Ce qui lui a joué des tours, d’ailleurs. Dernièrement, la RTS a créé la polémique autour de photos immortalisant le ministre avec son épouse et leur dernier bébé, des images prêtées gratuitement à une boutique zurichoise pour sa publicité. Assumée, expliquée, cette affaire prouve néanmoins que la normalité, en politique, est plus difficile à endosser que le costume traditionnel du pouvoir. Mieux vaut être solide pour faire la synthèse des deux. C’est peut-être le défi non verbalisé de ce qui sera sa huitième campagne électorale. Car de défis affichés, Antonio Hodgers n’en manque pas. Si, sur la forme, il aime sortir des clous, sur le fond en revanche, il nourrit une pensée ample et ambitieuse, basée sur un constat: le politique, le nez fourré dans les affaires courantes, manque cruellement d’un récit collectif: «Notre rôle ne se résume pas à faire tourner la boutique administrative. Notre époque est celle des grandes incertitudes, c’est la première fois depuis l’après-guerre que l’on se dit que nos enfants ne vivront pas mieux que les générations précédentes. Cette réalité anxiogène est renforcée par la faiblesse du discours politique commun.»
Une écologie non punitive
Aussi propose-t-il rien de moins qu’une vision «un peu philosophique, je vous l’accorde», alliant les dimensions sociale, écologique, durable, mais viable économiquement. Davantage qu’un programme.
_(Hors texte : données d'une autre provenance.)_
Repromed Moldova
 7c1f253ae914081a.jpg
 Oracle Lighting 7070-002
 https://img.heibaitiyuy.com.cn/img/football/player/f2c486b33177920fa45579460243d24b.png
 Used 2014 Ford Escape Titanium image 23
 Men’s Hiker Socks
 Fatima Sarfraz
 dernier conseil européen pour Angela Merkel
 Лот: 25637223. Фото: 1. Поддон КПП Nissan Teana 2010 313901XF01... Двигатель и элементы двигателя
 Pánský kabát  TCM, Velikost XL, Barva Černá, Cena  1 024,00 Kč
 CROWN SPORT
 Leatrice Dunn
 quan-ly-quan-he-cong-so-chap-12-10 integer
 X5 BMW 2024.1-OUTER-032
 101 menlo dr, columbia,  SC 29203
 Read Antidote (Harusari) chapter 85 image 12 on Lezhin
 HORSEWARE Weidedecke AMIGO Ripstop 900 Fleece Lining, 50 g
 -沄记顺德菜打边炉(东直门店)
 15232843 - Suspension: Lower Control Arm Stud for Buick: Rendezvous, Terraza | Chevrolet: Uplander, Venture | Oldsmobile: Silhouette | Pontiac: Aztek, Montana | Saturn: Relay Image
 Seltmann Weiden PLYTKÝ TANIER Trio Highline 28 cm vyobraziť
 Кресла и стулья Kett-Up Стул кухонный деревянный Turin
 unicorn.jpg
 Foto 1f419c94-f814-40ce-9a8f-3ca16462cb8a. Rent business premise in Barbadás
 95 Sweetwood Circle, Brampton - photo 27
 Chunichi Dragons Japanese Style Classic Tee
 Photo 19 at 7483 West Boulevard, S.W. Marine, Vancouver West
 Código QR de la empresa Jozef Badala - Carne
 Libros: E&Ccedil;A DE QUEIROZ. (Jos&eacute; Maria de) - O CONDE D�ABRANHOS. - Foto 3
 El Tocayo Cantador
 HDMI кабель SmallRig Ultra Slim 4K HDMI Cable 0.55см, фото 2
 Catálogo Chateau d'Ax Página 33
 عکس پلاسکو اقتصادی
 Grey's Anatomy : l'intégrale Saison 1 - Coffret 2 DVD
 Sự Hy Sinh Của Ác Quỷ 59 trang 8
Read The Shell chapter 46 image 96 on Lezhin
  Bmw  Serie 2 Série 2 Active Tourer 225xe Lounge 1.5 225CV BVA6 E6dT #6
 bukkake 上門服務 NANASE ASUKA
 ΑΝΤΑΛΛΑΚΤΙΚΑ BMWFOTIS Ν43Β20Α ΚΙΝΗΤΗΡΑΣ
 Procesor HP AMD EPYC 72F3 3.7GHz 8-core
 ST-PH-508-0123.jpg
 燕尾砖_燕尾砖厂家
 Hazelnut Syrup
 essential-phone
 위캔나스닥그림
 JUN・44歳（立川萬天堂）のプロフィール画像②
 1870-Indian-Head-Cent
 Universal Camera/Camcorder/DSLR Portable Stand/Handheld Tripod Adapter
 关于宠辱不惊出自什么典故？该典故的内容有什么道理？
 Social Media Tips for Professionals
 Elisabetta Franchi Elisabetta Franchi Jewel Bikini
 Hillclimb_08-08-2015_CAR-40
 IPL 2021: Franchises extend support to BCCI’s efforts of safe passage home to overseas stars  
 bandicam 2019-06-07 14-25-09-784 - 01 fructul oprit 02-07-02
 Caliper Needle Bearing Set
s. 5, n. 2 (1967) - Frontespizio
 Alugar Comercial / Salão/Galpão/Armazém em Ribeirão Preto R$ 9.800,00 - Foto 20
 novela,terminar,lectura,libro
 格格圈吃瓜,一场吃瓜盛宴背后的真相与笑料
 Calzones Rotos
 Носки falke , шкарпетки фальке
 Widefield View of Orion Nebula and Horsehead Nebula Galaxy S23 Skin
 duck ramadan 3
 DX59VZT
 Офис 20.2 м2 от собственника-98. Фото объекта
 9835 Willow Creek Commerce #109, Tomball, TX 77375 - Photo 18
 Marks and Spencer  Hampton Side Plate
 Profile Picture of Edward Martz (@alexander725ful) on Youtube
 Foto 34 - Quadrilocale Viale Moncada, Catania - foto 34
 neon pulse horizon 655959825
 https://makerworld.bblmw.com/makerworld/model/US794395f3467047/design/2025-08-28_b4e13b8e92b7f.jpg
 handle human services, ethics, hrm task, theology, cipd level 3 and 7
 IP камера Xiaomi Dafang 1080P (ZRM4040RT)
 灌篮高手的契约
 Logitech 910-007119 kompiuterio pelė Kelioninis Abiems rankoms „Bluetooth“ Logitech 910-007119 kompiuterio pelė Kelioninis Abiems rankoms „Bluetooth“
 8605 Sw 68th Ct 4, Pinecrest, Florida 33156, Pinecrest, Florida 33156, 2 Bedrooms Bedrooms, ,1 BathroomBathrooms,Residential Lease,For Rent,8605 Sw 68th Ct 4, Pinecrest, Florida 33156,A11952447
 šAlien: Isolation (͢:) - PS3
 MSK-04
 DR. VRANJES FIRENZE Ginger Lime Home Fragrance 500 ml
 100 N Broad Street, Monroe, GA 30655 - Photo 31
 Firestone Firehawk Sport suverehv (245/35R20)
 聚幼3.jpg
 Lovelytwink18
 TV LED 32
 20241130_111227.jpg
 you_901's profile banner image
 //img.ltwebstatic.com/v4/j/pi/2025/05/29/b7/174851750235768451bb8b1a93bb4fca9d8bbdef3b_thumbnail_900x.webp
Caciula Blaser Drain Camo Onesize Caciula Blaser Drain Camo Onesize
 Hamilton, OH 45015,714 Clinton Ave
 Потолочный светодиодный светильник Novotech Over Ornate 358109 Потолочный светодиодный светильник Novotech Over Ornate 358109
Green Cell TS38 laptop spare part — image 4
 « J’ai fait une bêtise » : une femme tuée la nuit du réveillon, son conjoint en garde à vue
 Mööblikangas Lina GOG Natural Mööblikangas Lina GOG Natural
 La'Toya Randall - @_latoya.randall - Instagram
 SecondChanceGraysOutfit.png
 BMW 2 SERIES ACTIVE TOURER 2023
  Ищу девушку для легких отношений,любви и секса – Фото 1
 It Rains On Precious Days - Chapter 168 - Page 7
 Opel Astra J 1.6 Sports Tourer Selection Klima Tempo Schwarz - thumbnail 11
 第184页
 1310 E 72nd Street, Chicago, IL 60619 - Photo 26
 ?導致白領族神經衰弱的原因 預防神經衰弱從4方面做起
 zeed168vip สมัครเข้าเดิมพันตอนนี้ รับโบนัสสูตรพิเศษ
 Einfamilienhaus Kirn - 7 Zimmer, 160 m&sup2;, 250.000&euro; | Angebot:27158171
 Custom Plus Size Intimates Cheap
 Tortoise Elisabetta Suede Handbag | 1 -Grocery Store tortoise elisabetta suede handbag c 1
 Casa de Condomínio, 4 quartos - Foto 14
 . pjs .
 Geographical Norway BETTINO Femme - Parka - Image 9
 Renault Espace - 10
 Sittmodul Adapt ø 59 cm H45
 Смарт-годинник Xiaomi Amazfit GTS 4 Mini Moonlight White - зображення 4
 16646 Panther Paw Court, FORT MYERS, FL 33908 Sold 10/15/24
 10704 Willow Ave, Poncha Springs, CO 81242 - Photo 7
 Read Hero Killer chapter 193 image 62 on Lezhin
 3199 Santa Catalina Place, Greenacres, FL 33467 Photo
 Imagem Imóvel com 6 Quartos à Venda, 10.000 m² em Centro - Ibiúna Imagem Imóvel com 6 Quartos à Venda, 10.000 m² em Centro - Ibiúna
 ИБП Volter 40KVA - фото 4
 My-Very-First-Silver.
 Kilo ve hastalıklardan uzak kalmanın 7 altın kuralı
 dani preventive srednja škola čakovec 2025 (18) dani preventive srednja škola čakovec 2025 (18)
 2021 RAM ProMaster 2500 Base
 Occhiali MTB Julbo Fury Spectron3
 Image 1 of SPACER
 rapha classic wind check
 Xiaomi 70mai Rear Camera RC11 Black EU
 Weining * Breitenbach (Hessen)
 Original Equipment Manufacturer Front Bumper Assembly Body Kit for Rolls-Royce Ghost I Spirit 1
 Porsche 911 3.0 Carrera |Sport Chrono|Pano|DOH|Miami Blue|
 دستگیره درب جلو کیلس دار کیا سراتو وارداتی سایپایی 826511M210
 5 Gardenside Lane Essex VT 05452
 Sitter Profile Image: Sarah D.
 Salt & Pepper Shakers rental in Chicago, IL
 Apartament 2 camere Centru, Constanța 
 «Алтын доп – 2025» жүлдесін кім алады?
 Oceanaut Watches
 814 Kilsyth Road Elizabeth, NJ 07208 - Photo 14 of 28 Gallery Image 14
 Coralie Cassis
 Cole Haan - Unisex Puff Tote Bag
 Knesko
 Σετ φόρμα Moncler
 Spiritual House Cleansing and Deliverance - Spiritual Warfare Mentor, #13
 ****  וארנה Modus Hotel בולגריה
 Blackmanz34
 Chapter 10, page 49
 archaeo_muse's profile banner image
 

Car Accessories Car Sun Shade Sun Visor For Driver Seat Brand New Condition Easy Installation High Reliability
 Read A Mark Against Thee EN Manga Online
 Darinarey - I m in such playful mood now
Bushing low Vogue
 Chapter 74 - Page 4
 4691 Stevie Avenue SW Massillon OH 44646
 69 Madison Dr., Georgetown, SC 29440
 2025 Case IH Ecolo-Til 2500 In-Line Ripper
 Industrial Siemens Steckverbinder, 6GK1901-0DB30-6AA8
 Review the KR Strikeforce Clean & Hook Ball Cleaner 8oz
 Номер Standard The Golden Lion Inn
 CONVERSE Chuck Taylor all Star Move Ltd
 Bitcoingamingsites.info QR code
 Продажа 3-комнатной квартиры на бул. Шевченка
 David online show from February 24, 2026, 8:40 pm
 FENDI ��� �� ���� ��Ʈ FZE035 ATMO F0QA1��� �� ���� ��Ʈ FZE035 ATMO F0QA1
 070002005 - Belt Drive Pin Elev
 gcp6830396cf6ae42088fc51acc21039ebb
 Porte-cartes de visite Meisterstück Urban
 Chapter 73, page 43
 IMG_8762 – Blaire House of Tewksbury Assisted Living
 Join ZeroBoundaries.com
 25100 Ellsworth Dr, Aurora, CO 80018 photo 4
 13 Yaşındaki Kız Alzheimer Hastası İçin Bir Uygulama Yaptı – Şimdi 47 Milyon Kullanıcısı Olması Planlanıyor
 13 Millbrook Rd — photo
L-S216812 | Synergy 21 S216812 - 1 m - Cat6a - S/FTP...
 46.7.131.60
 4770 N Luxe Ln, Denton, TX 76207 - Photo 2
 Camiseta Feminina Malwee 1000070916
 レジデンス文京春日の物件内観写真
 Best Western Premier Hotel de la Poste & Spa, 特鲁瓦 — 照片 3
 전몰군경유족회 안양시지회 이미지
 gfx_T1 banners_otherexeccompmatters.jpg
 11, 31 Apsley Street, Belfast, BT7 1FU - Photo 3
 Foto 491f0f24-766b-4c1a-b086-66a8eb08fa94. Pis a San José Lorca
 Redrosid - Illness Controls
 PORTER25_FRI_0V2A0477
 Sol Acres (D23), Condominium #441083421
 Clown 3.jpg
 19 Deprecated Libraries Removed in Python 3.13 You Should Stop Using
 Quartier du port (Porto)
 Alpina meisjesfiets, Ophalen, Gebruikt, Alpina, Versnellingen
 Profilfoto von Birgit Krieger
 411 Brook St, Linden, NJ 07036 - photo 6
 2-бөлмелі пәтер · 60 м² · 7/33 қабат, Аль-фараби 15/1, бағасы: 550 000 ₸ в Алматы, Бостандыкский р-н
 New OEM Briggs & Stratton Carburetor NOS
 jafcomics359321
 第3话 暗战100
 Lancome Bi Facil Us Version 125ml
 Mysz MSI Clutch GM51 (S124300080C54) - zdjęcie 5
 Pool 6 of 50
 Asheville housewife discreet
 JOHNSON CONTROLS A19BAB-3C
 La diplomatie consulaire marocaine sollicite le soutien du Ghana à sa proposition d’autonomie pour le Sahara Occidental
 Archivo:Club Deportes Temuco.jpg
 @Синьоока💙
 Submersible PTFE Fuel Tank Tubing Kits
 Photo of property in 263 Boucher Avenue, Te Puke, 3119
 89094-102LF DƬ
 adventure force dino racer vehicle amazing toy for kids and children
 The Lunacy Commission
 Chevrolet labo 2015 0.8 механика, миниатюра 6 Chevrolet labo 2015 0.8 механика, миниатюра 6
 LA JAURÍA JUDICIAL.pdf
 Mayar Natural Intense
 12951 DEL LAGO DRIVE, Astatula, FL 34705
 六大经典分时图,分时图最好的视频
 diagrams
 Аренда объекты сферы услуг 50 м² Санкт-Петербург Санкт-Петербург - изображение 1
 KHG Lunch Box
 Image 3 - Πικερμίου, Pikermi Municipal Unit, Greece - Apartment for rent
Mais concrètement, comment cela se traduit-il? D’abord, allier le bâti et la nature et élaborer les plans localisés de quartier du secteur Praille-Acacias-Vernets (PAV). A la tête du Département du territoire dans un canton où poser la moindre pierre provoque une levée de boucliers, quand ce ne sont pas quelques arbres coupés qui conduisent à la guérilla, il sait que la route est longue. Mais il faut reconnaître qu’il aura fait construire 11 000 logements depuis 2018. Ensuite, sortir des énergies fossiles pour viser la neutralité carbone et réinvestir dans une économie locale. Antonio Hodgers est adepte d’une écologie non punitive.
Sur l’école aussi, il a son idée: redonner aux établissements scolaires plus d’indépendance, pour qu’ils puissent se déployer «dans un système moins cadrant que l’Etat de Genève actuel», tout en insistant sur la confiance à accorder aux enseignants. S’il assure ne pas lorgner ce département, les enseignants seront sans doute sensibles à cette proposition.
Les sortants verts Antonio Hodgers et Fabienne Fischer partiront sur une liste avec deux socialistes et éventuellement un candidat d’extrême gauche. Si Antonio Hodgers est élu, il osera sans doute gouverner avec une indépendance d’esprit qu’il commence à afficher. On le voit par exemple critique sur le wokisme, à travers des prises de position personnelles peu raccord avec son parti. Est-il encore en phase avec lui? «Oui, sur le principe même qu’il faut lutter contre toutes les formes de discriminations, répond la présidente des Vert·e·s genevois, Delphine Klopfenstein. Notre parti est un lieu de débat.» On verra au mois de mai, où ce thème sera à l’agenda.